▸ **Input for this task**

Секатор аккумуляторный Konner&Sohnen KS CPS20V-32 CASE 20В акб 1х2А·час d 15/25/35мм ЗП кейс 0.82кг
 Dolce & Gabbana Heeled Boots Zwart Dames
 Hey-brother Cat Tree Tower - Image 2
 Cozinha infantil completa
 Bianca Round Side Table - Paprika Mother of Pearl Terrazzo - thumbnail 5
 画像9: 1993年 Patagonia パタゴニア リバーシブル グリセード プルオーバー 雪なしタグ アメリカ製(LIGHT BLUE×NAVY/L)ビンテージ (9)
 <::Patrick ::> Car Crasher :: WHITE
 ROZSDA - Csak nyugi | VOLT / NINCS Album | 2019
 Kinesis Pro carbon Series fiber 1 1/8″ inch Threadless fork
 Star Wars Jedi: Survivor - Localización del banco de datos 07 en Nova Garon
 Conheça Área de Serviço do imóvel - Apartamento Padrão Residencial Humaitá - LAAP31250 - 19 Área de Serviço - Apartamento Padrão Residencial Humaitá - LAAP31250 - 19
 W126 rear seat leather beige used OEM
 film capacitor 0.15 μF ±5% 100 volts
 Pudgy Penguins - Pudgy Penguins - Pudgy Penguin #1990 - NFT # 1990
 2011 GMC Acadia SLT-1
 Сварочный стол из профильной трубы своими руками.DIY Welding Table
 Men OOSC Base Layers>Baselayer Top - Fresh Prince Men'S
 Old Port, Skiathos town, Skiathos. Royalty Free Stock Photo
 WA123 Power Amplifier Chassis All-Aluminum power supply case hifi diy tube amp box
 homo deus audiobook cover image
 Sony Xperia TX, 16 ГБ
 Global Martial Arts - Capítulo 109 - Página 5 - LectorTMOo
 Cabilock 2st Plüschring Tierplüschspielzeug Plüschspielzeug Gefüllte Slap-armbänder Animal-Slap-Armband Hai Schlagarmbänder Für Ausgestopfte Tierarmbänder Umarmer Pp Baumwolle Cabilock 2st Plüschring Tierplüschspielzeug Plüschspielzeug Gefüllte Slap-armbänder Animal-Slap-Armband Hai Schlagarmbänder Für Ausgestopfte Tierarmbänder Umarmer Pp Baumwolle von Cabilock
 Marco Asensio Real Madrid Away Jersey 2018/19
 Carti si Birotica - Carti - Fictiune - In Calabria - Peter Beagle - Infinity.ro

▸ **Work to be completed**
Return the entries exactly through the "Kinesis Pro carbon" line.

▸ **Response area**
Секатор аккумуляторный Konner&Sohnen KS CPS20V-32 CASE 20В акб 1х2А·час d 15/25/35мм ЗП кейс 0.82кг
 Dolce & Gabbana Heeled Boots Zwart Dames
 Hey-brother Cat Tree Tower - Image 2
 Cozinha infantil completa
 Bianca Round Side Table - Paprika Mother of Pearl Terrazzo - thumbnail 5
 画像9: 1993年 Patagonia パタゴニア リバーシブル グリセード プルオーバー 雪なしタグ アメリカ製(LIGHT BLUE×NAVY/L)ビンテージ (9)
 <::Patrick ::> Car Crasher :: WHITE
 ROZSDA - Csak nyugi | VOLT / NINCS Album | 2019
 Kinesis Pro carbon Series fiber 1 1/8″ inch Threadless fork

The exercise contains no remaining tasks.